§ **DIRECTIONS**
Output each entry verbatim and exclude every picture from it.

....................

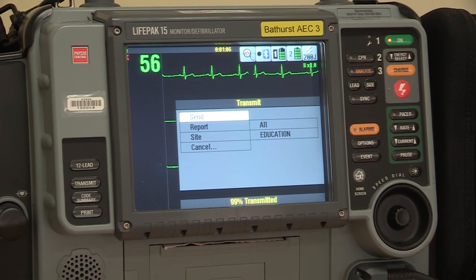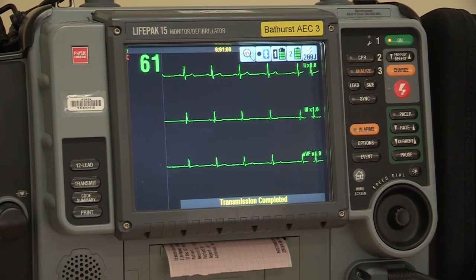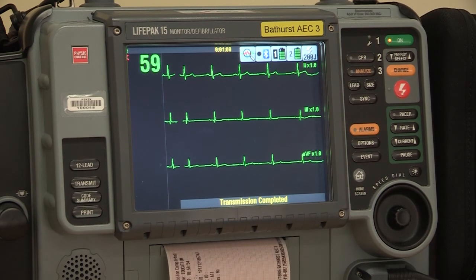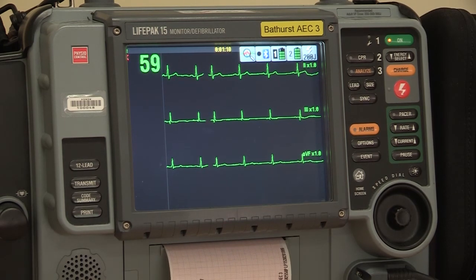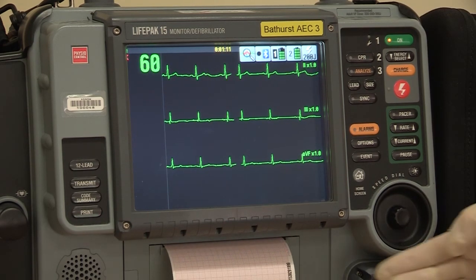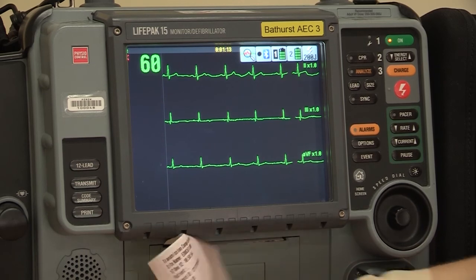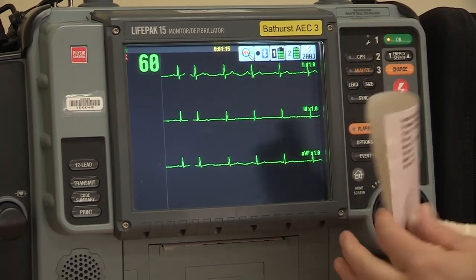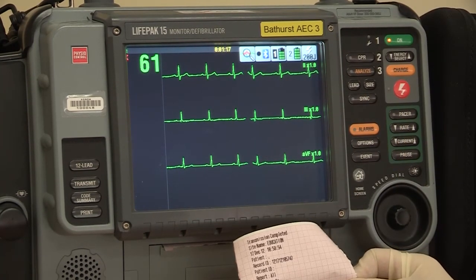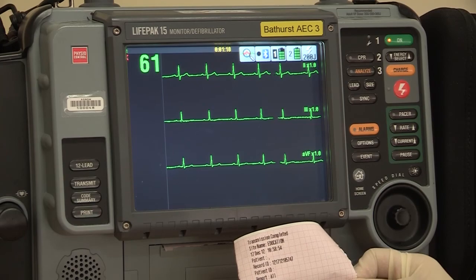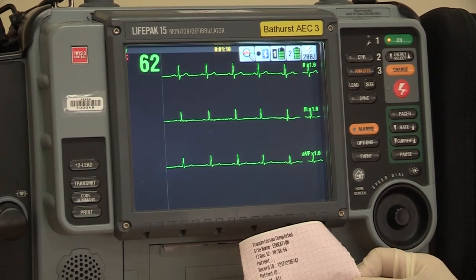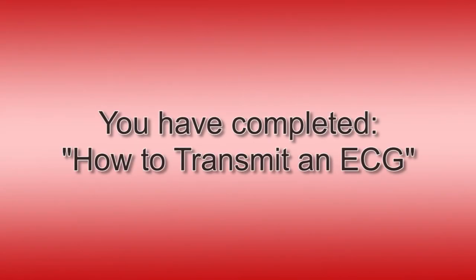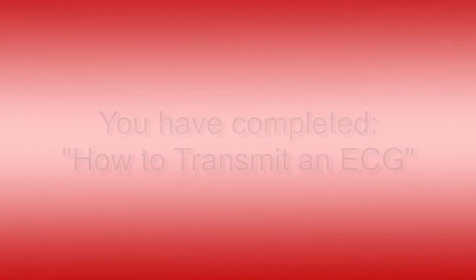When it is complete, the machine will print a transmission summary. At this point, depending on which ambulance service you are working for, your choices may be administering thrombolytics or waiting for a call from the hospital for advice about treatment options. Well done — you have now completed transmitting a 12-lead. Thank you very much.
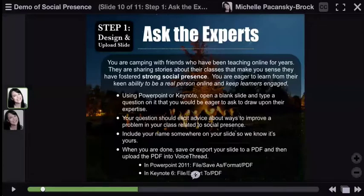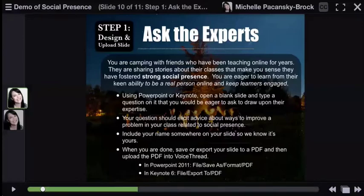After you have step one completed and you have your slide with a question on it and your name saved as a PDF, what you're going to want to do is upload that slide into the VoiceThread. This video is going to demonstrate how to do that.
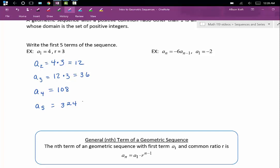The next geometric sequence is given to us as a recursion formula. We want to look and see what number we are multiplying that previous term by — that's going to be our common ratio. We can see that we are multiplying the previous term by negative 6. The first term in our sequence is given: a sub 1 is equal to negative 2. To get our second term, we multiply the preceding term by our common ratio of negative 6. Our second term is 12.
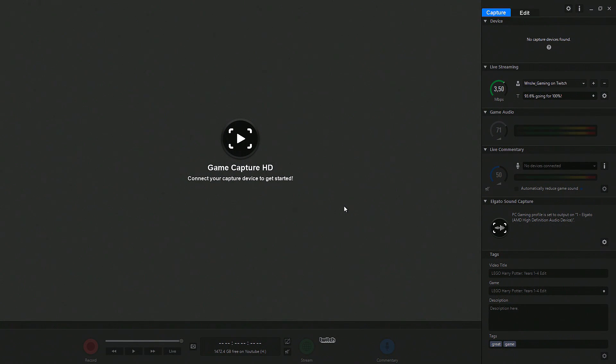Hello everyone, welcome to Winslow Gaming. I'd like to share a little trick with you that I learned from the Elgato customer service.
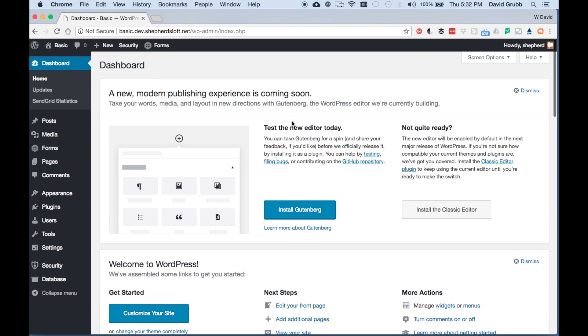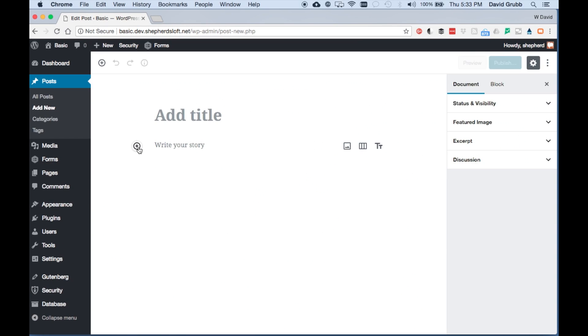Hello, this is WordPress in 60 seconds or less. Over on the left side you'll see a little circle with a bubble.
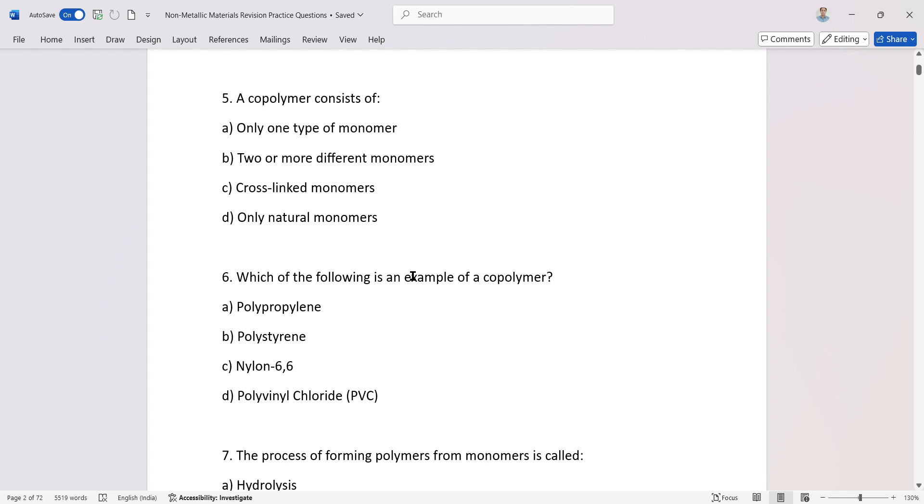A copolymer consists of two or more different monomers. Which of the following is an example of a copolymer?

....................

§ **OUTPUT FOR THIS EXERCISE**
When it is complete, the machine will print a transmission summary. At this point, depending on which ambulance service you are working for, your choices may be administering thrombolytics or waiting for a call from the hospital for advice about treatment options. Well done — you have now completed transmitting a 12-lead. Thank you very much.
After you have step one completed and you have your slide with a question on it and your name saved as a PDF, what you're going to want to do is upload that slide into the VoiceThread. This video is going to demonstrate how to do that.
The next geometric sequence is given to us as a recursion formula. We want to look and see what number we are multiplying that previous term by — that's going to be our common ratio. We can see that we are multiplying the previous term by negative 6. The first term in our sequence is given: a sub 1 is equal to negative 2. To get our second term, we multiply the preceding term by our common ratio of negative 6. Our second term is 12.
Hello everyone, welcome to Winslow Gaming. I'd like to share a little trick with you that I learned from the Elgato customer service.
Hello, this is WordPress in 60 seconds or less. Over on the left side you'll see a little circle with a bubble.
A copolymer consists of two or more different monomers. Which of the following is an example of a copolymer?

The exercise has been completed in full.